▼

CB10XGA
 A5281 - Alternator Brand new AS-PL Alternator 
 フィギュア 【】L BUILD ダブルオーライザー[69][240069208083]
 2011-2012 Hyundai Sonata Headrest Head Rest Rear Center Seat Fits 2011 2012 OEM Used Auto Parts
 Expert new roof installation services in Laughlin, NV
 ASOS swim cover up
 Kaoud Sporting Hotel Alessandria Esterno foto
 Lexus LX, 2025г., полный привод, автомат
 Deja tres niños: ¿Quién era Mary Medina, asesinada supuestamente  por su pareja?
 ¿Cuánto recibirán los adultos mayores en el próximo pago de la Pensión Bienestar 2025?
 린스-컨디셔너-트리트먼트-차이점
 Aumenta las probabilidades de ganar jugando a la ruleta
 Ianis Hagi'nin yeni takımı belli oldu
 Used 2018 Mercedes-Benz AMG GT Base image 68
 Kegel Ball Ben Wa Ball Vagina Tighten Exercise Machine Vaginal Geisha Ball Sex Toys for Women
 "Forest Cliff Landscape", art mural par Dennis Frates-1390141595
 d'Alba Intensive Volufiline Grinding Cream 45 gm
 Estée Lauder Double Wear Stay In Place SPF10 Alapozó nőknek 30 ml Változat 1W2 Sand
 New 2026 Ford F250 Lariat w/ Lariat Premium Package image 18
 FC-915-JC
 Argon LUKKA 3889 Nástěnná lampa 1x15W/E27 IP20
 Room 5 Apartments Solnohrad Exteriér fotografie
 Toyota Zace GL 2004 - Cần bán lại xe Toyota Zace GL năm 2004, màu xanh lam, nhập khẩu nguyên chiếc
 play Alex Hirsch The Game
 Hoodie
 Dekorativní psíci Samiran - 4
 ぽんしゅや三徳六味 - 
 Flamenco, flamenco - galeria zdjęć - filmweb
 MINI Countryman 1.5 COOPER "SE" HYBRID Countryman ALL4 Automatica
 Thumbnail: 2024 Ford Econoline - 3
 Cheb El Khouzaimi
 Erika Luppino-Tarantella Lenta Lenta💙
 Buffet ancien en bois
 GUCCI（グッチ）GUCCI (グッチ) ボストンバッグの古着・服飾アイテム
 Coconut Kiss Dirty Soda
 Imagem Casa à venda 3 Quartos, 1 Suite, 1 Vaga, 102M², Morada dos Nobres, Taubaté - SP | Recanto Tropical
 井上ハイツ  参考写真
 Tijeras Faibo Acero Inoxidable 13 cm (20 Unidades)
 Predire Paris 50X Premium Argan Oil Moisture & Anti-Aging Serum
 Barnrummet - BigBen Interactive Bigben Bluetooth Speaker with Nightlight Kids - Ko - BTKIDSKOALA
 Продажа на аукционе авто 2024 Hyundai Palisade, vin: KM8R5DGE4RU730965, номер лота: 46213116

▲

◆ **What the task requires**:
I would like you to restate word for word the lines from the one with "d'Alba Intensive Volufiline" through the last line of the material above, and only those.

◆ **Finished exercise**:
 d'Alba Intensive Volufiline Grinding Cream 45 gm
 Estée Lauder Double Wear Stay In Place SPF10 Alapozó nőknek 30 ml Változat 1W2 Sand
 New 2026 Ford F250 Lariat w/ Lariat Premium Package image 18
 FC-915-JC
 Argon LUKKA 3889 Nástěnná lampa 1x15W/E27 IP20
 Room 5 Apartments Solnohrad Exteriér fotografie
 Toyota Zace GL 2004 - Cần bán lại xe Toyota Zace GL năm 2004, màu xanh lam, nhập khẩu nguyên chiếc
 play Alex Hirsch The Game
 Hoodie
 Dekorativní psíci Samiran - 4
 ぽんしゅや三徳六味 - 
 Flamenco, flamenco - galeria zdjęć - filmweb
 MINI Countryman 1.5 COOPER "SE" HYBRID Countryman ALL4 Automatica
 Thumbnail: 2024 Ford Econoline - 3
 Cheb El Khouzaimi
 Erika Luppino-Tarantella Lenta Lenta💙
 Buffet ancien en bois
 GUCCI（グッチ）GUCCI (グッチ) ボストンバッグの古着・服飾アイテム
 Coconut Kiss Dirty Soda
 Imagem Casa à venda 3 Quartos, 1 Suite, 1 Vaga, 102M², Morada dos Nobres, Taubaté - SP | Recanto Tropical
 井上ハイツ  参考写真
 Tijeras Faibo Acero Inoxidable 13 cm (20 Unidades)
 Predire Paris 50X Premium Argan Oil Moisture & Anti-Aging Serum
 Barnrummet - BigBen Interactive Bigben Bluetooth Speaker with Nightlight Kids - Ko - BTKIDSKOALA
 Продажа на аукционе авто 2024 Hyundai Palisade, vin: KM8R5DGE4RU730965, номер лота: 46213116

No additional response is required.